DATA TO PROCESS:
#####

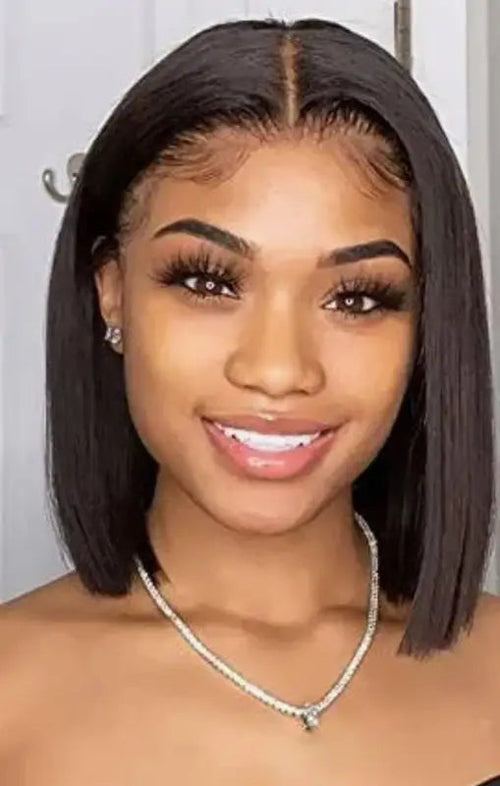 Alice | Long Bob Human Hair Wig with 4x4 Lace Front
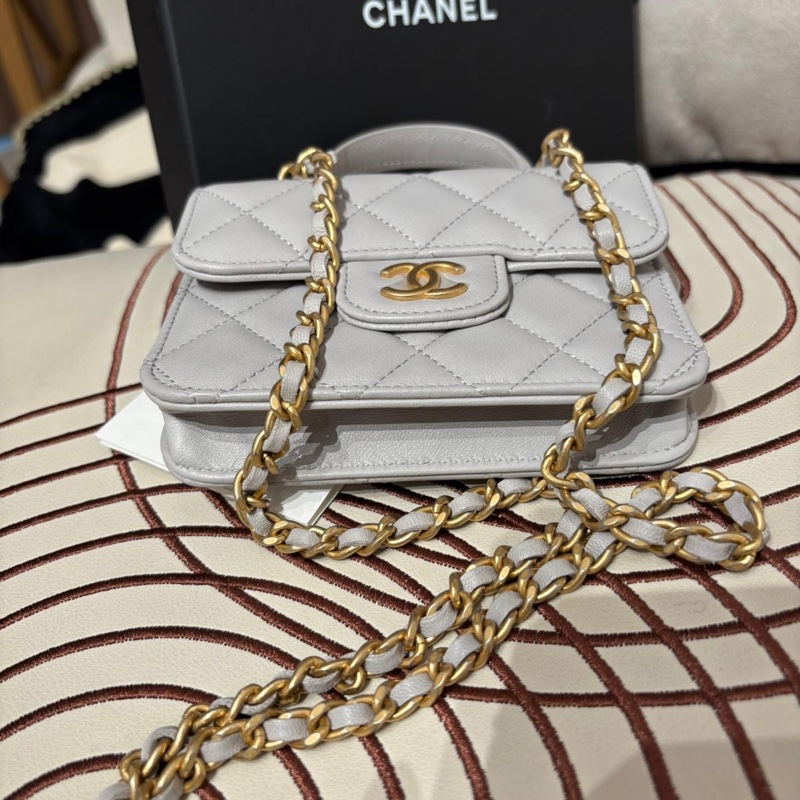 Chanel Small Timeless Classic Handle With Chain-7
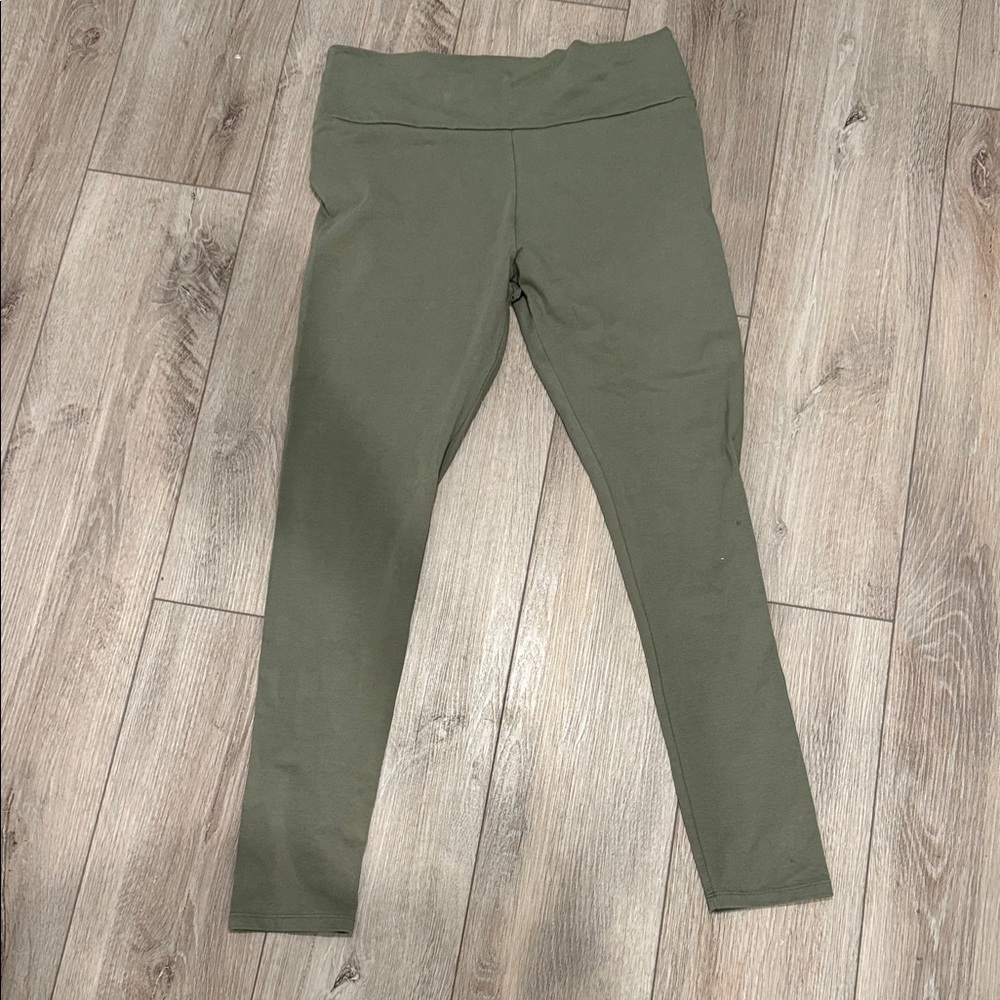 Ambiance Olive Green Leggings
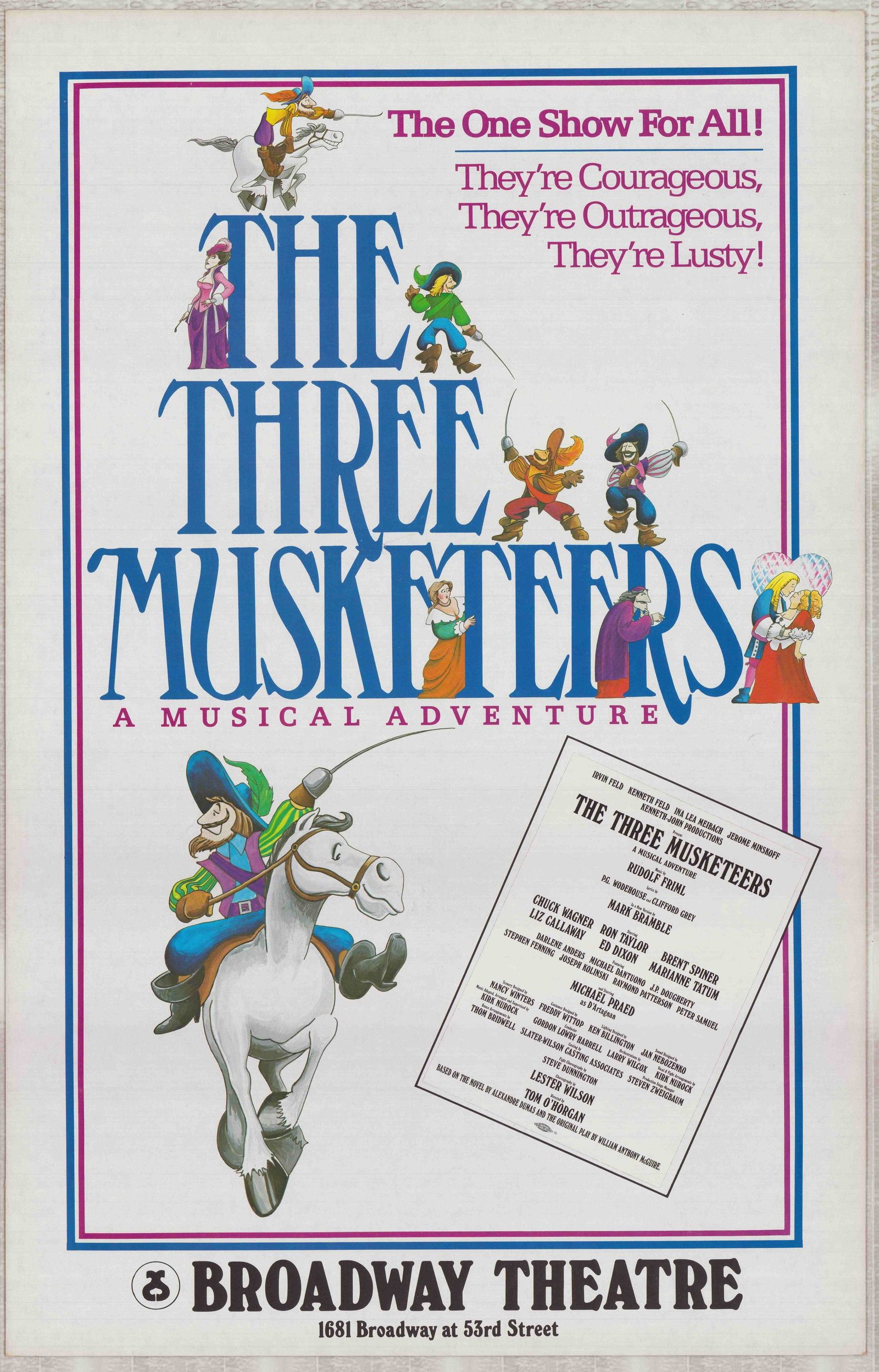 The Three Musketeers: A Musical Adventure, Original Broadway Theatre Poster (1 of 1)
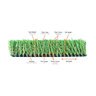 Bella Park Royal Synthetic Turf 71 oz. Face Weight (99 oz. Total) 1-3/4 in. Emerald Green/Field Green Blades Dry Yellow/Forest Green Thatching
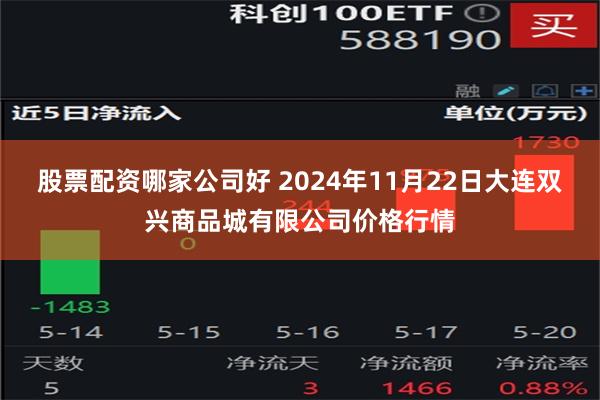 股票配资哪家公司好 2024年11月22日大连双兴商品城有限公司价格行情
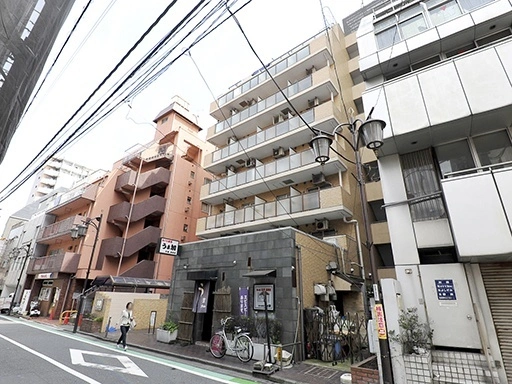 ライオンズマンション新宿５丁目の外観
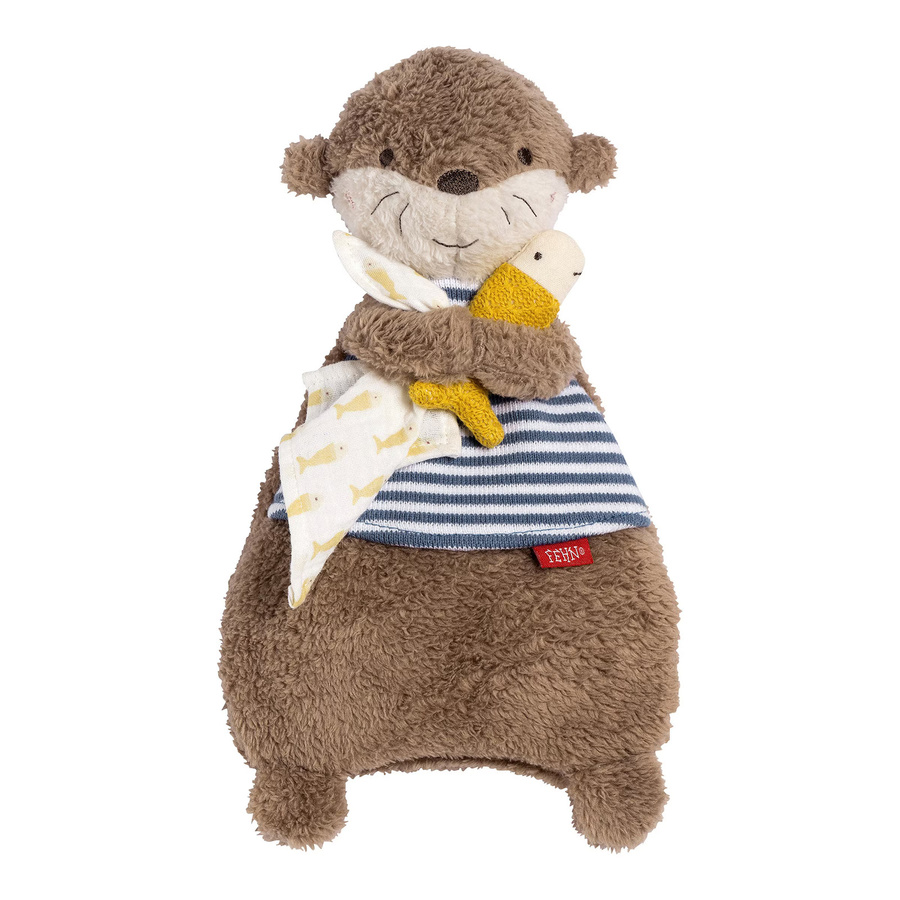 Fehn Kirschkernkissen Otter Theo als Kühl- und Wärmetier in Braun, Blau und Multicolour - Bild 2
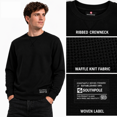 thumbnail image 5 of Southpole Mens Thermal Shirts - Crewneck and Henley Top Long Sleeve Thermal Shirts for Men 2 Pack, 5 of 7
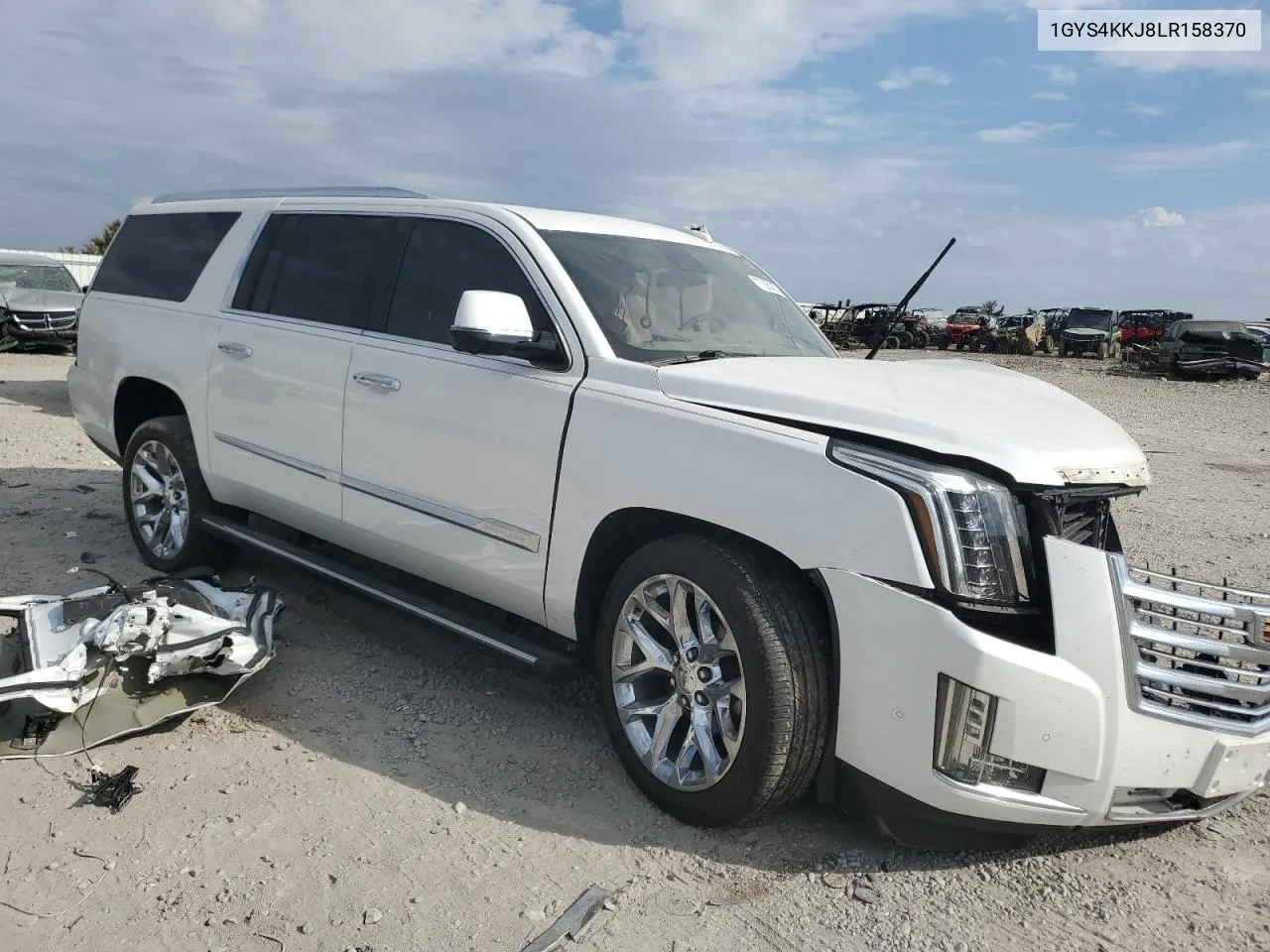 2020 Cadillac Escalade Esv Platinum VIN: 1GYS4KKJ8LR158370 Lot: 77584374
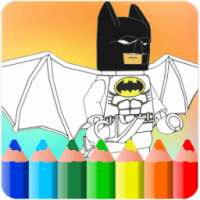 How to color LEGO Batman (coloring game for LEGO)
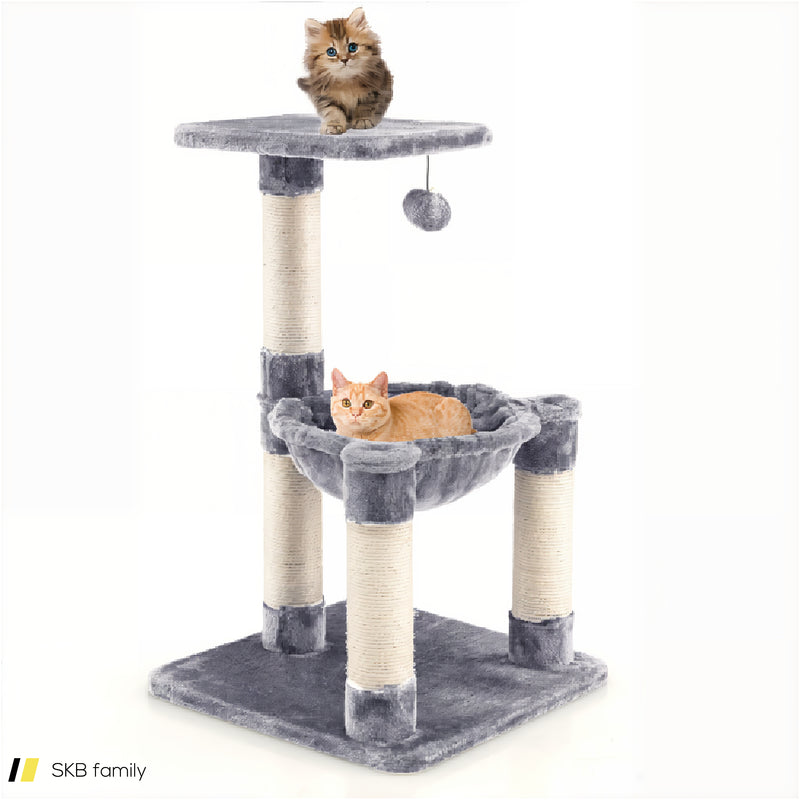 Multi-Level Cat Tree With Scratching Posts And Cat Hammock 240515-230845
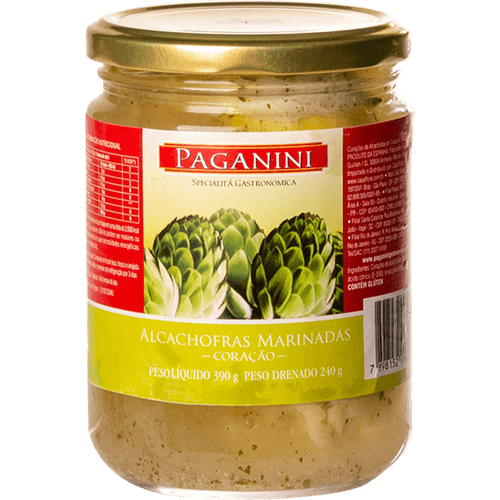 Alcachofra Coração Marinada Paganini Vidro 240g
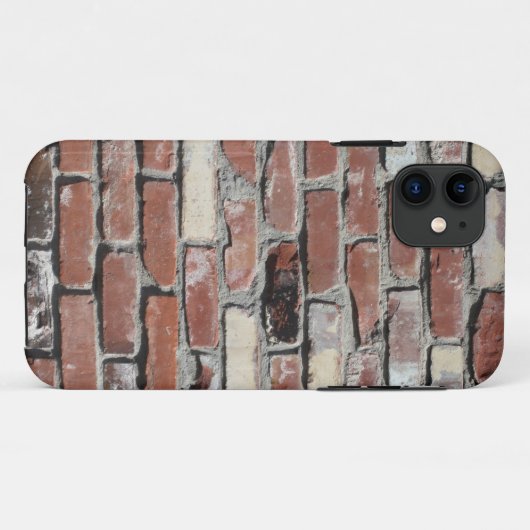 古い赤レンガ壁 Case-Mate iPhoneケース (裏面(横))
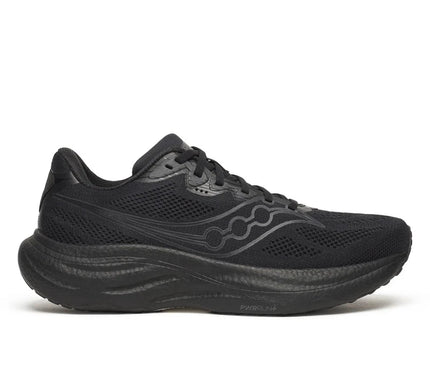 Saucony Ride 19 Triple Black Running Shoe Men sizes 7-15 NEW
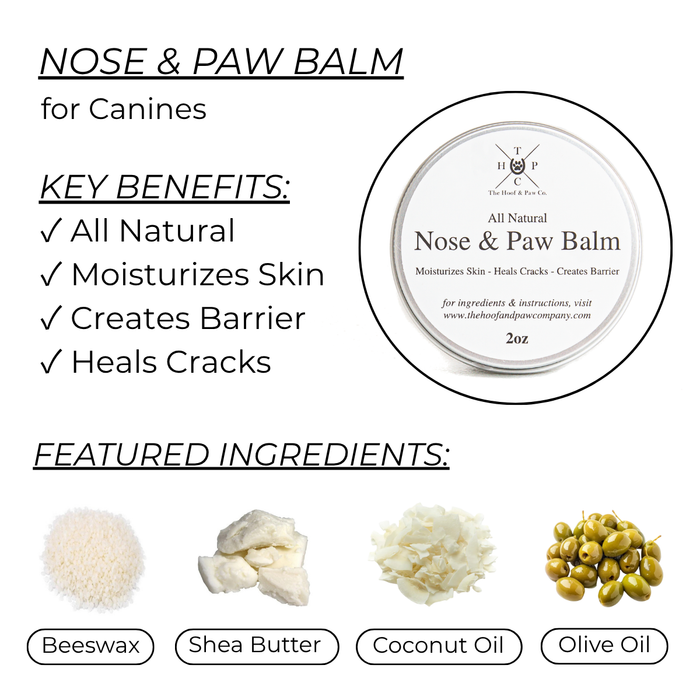 Nose & Paw Balm for Dogs - 2oz - - by The Hoof & Paw Co.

#####

EXERCISE DIRECTIONS: Set down word for word the lines above from the one with "Bella Park Royal" up to and including the one with "Fehn Kirschkernkissen Otter". Omit every picture.

COMPLETED TASK:
 Bella Park Royal Synthetic Turf 71 oz. Face Weight (99 oz. Total) 1-3/4 in. Emerald Green/Field Green Blades Dry Yellow/Forest Green Thatching
 股票配资哪家公司好 2024年11月22日大连双兴商品城有限公司价格行情
 ライオンズマンション新宿５丁目の外観
 Fehn Kirschkernkissen Otter Theo als Kühl- und Wärmetier in Braun, Blau und Multicolour - Bild 2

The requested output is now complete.